DATASET EXTRACT Start Marker
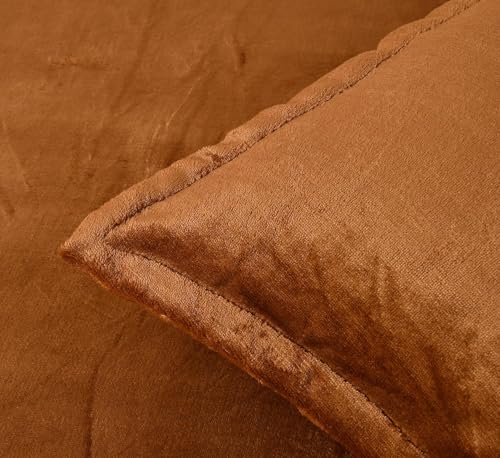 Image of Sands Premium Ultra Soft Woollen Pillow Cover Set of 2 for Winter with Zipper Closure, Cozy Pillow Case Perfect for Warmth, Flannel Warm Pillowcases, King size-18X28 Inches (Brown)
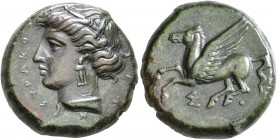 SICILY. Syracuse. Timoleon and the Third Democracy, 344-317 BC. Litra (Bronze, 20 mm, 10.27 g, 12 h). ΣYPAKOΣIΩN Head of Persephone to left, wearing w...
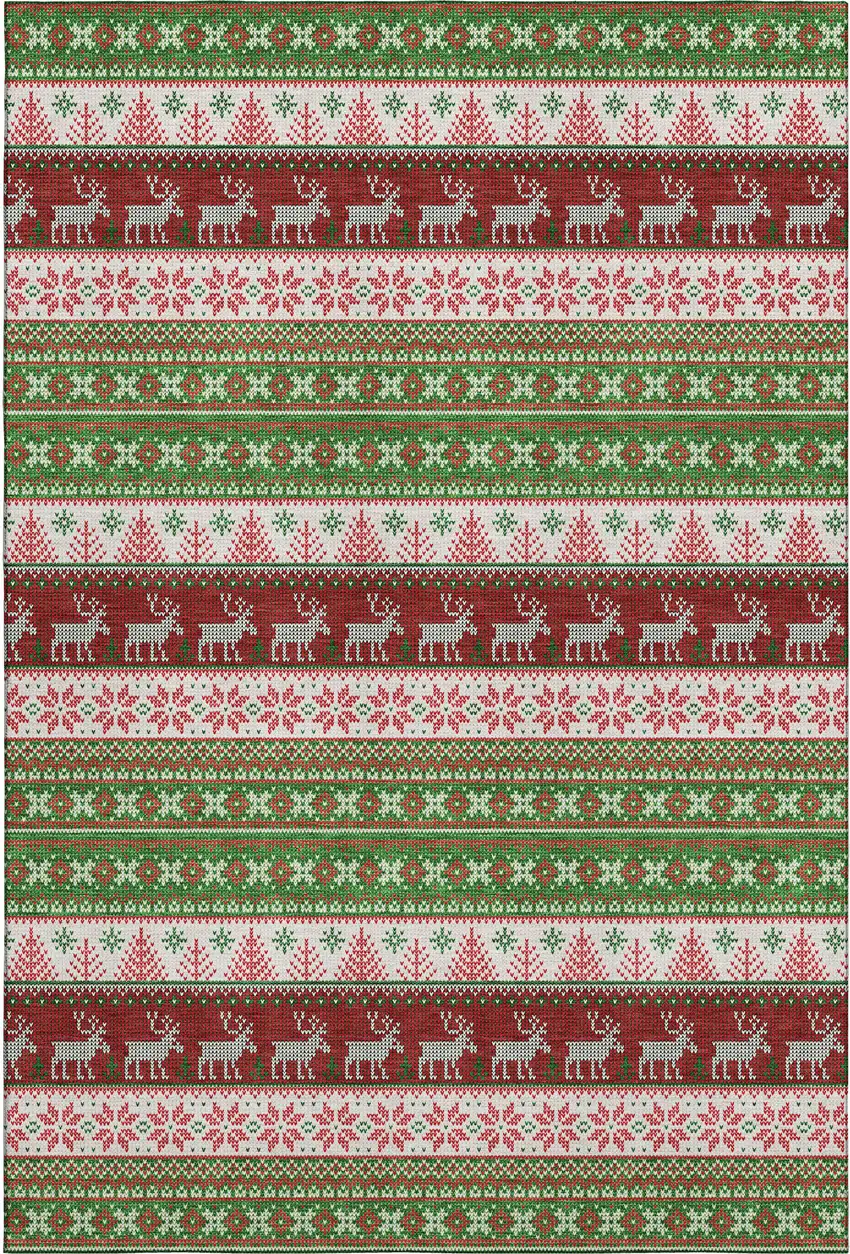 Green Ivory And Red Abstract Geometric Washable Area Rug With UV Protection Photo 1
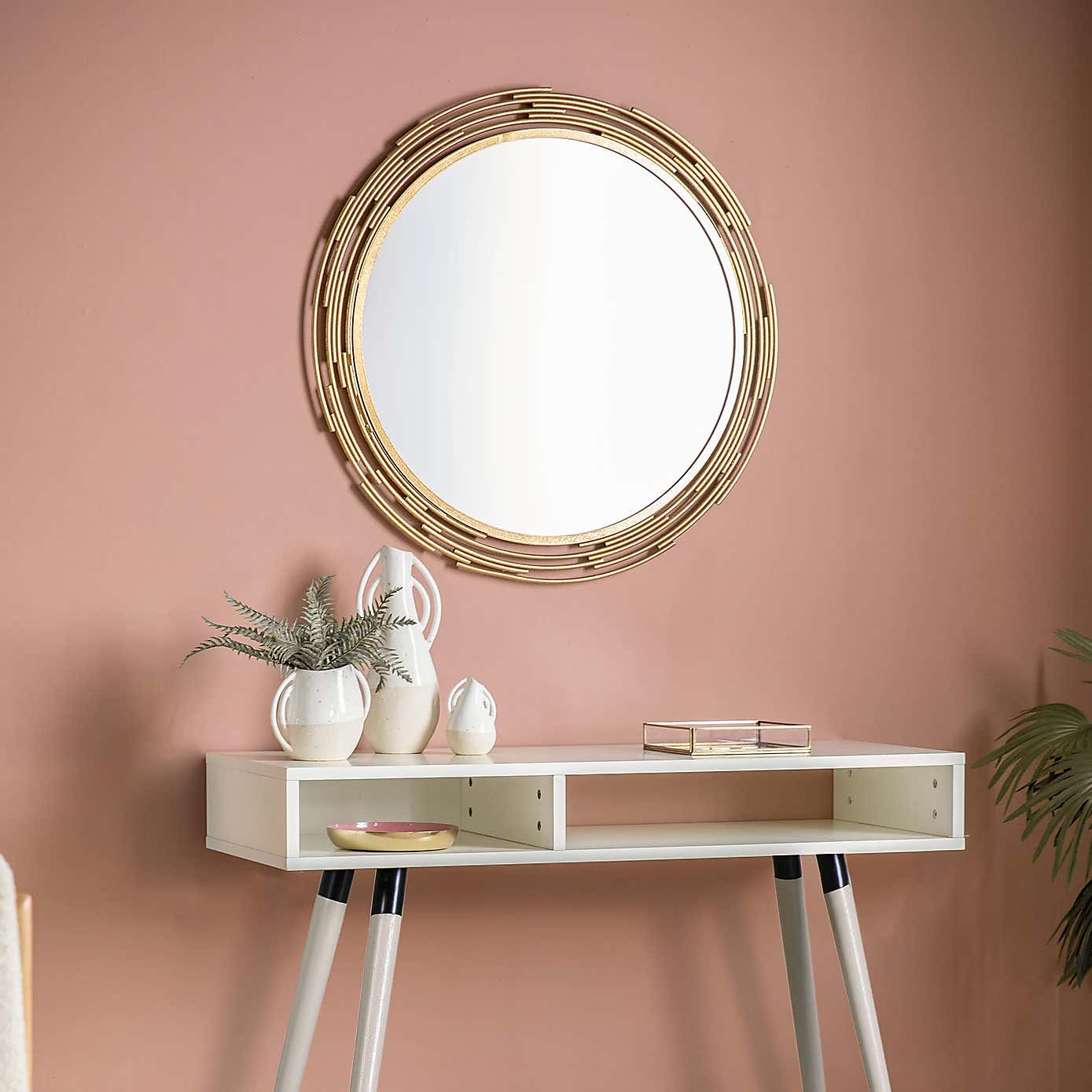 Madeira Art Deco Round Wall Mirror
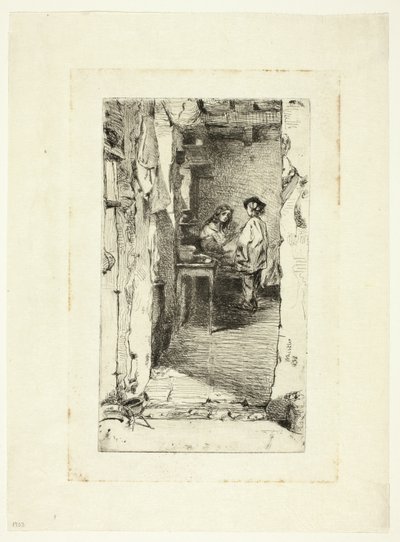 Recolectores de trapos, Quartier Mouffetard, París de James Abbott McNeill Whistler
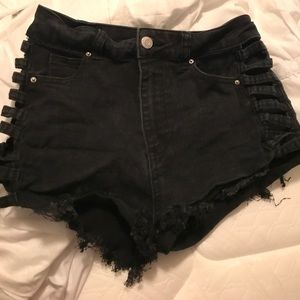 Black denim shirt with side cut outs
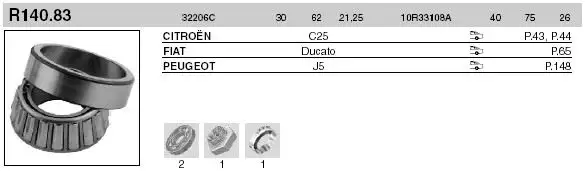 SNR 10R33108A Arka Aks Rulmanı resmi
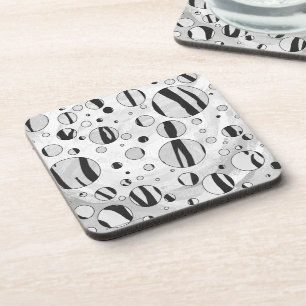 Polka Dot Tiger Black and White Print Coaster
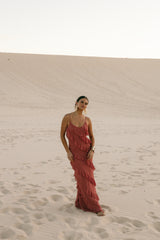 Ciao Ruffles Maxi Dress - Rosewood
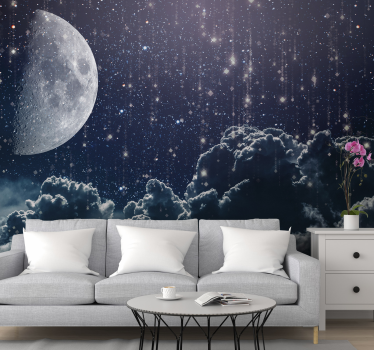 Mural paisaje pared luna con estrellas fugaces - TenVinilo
DATASET EXTRACT End Marker
DATASET EXTRACT Start Marker
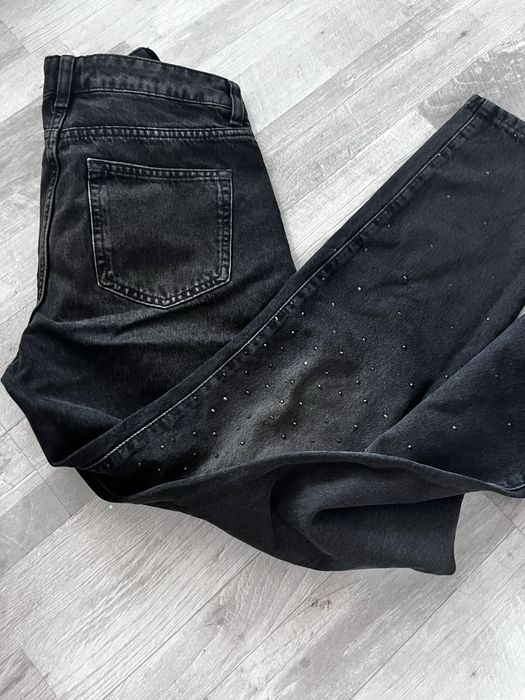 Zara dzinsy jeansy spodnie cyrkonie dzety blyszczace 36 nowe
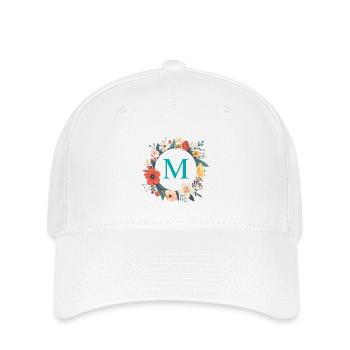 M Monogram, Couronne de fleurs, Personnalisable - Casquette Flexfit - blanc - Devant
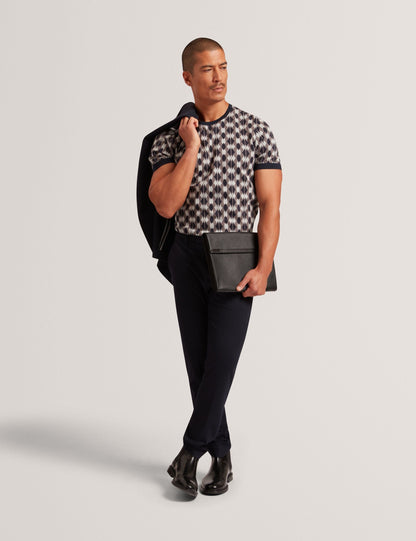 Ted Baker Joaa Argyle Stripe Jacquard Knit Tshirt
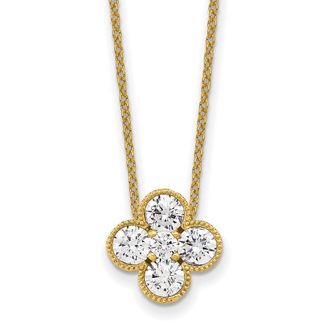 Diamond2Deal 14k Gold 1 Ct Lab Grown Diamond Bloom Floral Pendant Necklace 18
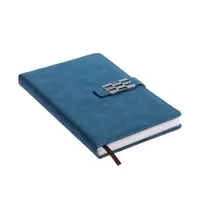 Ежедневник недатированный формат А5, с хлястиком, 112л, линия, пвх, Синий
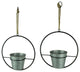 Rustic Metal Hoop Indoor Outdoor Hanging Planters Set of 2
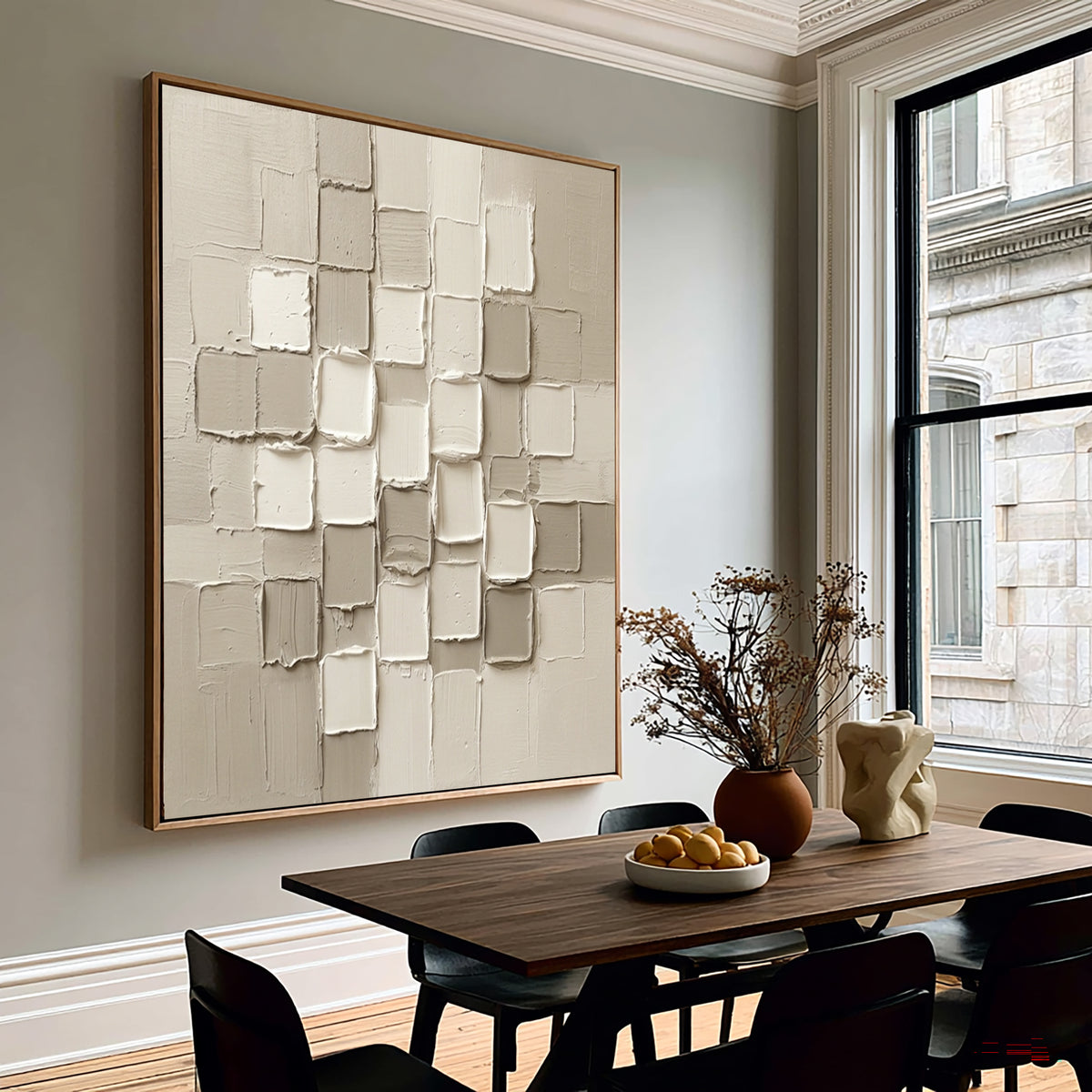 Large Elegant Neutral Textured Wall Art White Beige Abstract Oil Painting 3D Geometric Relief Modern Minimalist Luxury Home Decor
DATASET EXTRACT End Marker
» WHAT IS NEEDED
Using the entries above, extract exactly the lines from the one that contains "Black denim shirt with side cut outs" through the one that contains "Mural paisaje pared". Do not carry over any pictures.

» REPLY
 Black denim shirt with side cut outs
 SNR 10R33108A Arka Aks Rulmanı resmi
 Polka Dot Tiger Black and White Print Coaster
 Ciao Ruffles Maxi Dress - Rosewood
 Mural paisaje pared luna con estrellas fugaces - TenVinilo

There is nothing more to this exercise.